++++ Data section ++++
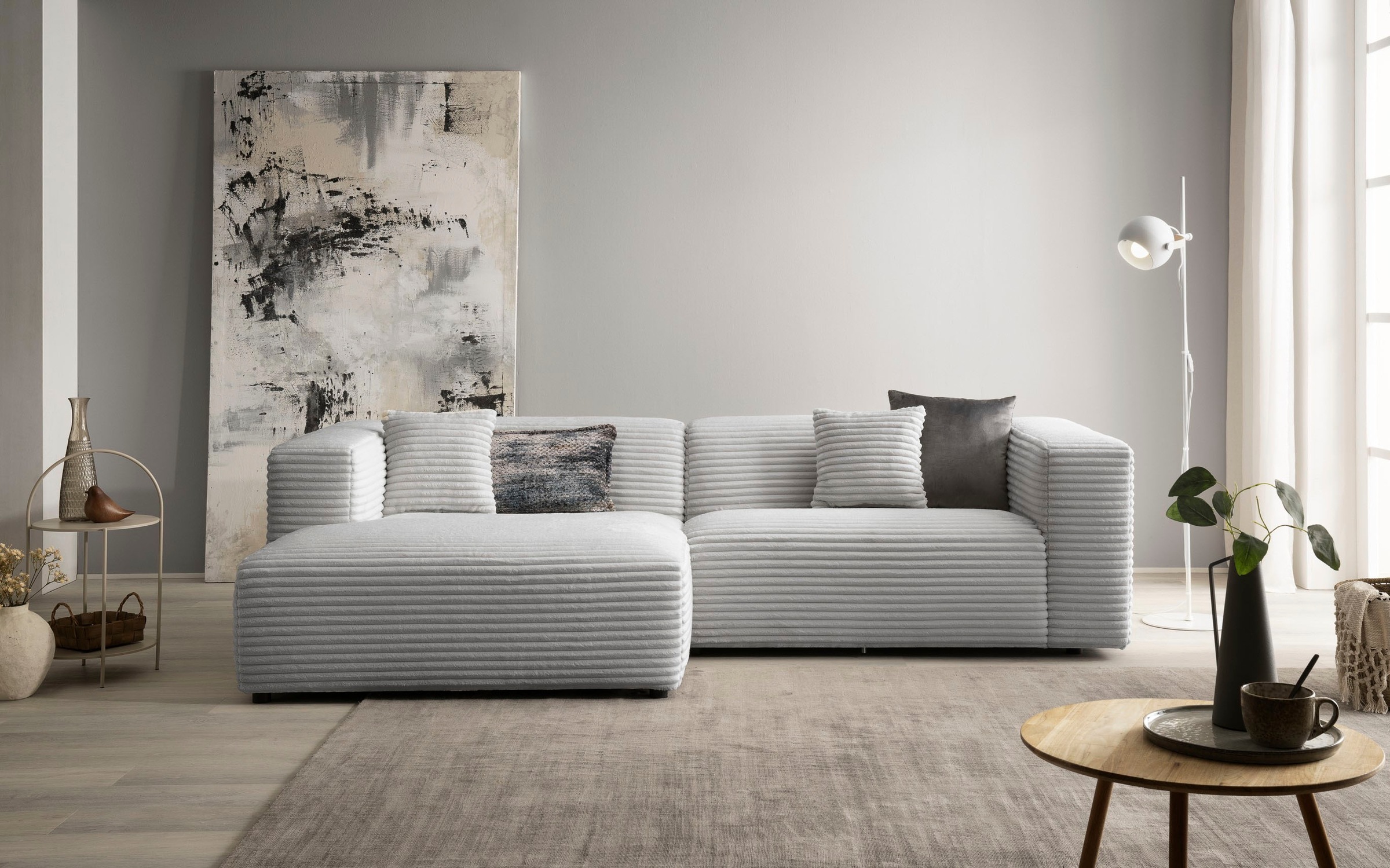 Home affaire Ecksofa »BAKELS, L-Form in Cord oder Boucle-Stoff, moderne Couch« wahlweise Recamiere rechts/links, bequemer Sitzkomfort
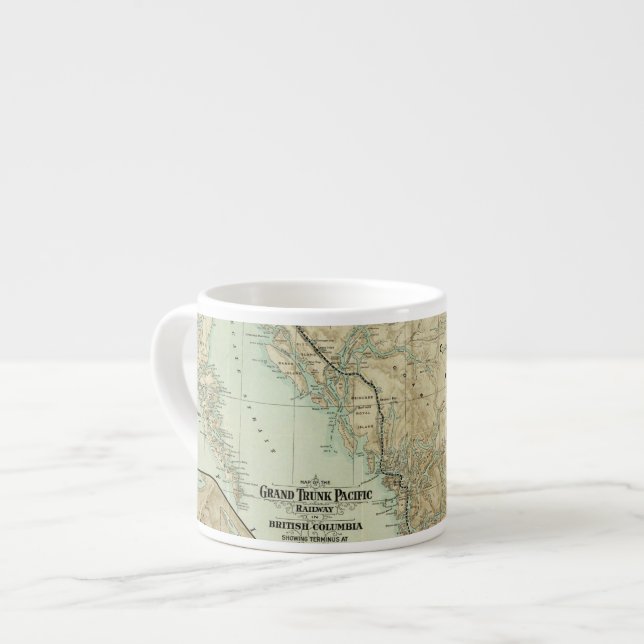 Map Of The Grand Trunk Pacific Railway Espresso Cup (Front Left)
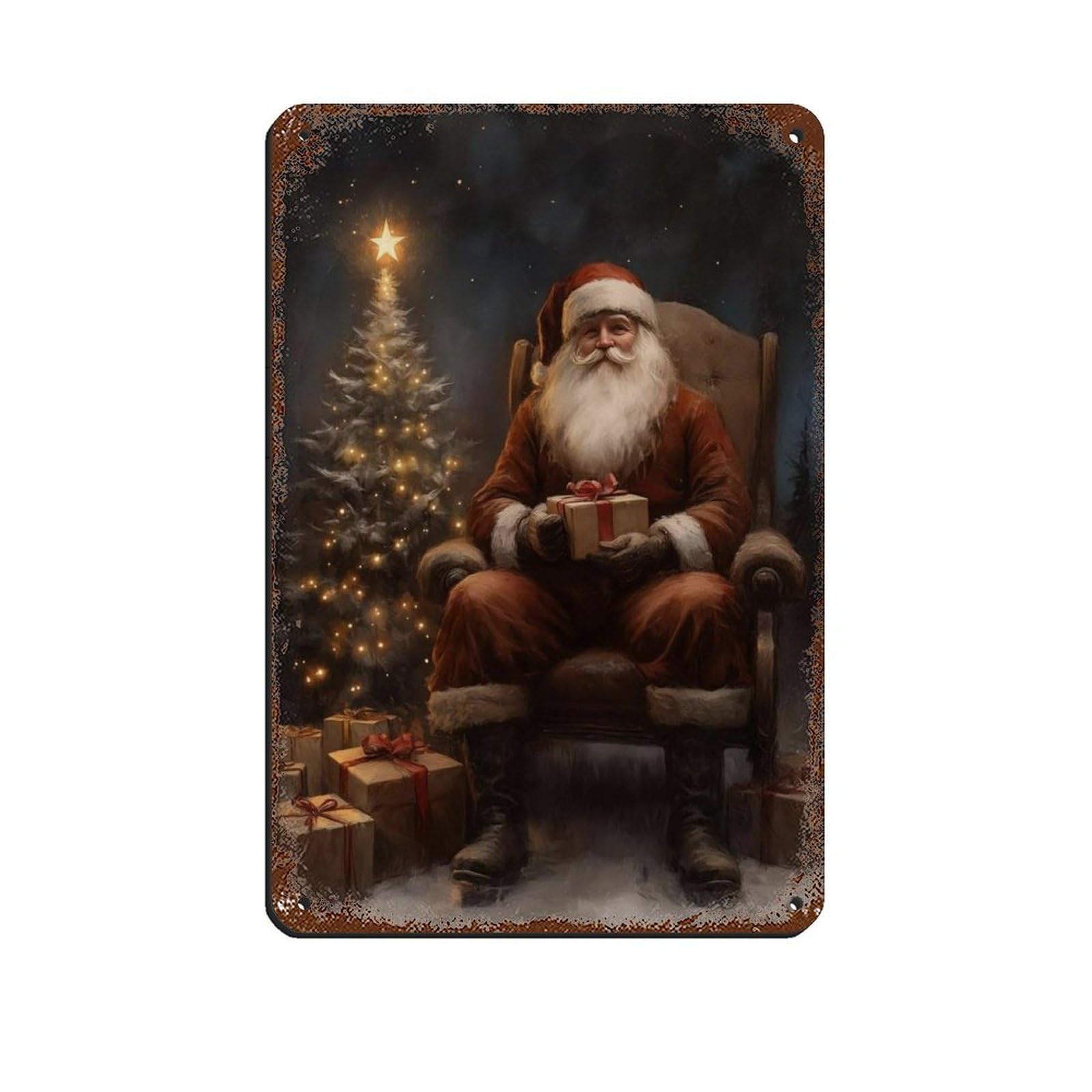 Moody Santa Claus, Victorian Christmas Art Tin Sign Vintage Metal Pub Club Cafe Bar Home Wall Art Decoration Poster Retro 8x12inch(20x30cm)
++++
What needs to be done ::
The data must be reproduced exactly, and no picture may appear in the copy.

Your response ::
 Home affaire Ecksofa »BAKELS, L-Form in Cord oder Boucle-Stoff, moderne Couch« wahlweise Recamiere rechts/links, bequemer Sitzkomfort
 Map Of The Grand Trunk Pacific Railway Espresso Cup (Front Left)
 Moody Santa Claus, Victorian Christmas Art Tin Sign Vintage Metal Pub Club Cafe Bar Home Wall Art Decoration Poster Retro 8x12inch(20x30cm)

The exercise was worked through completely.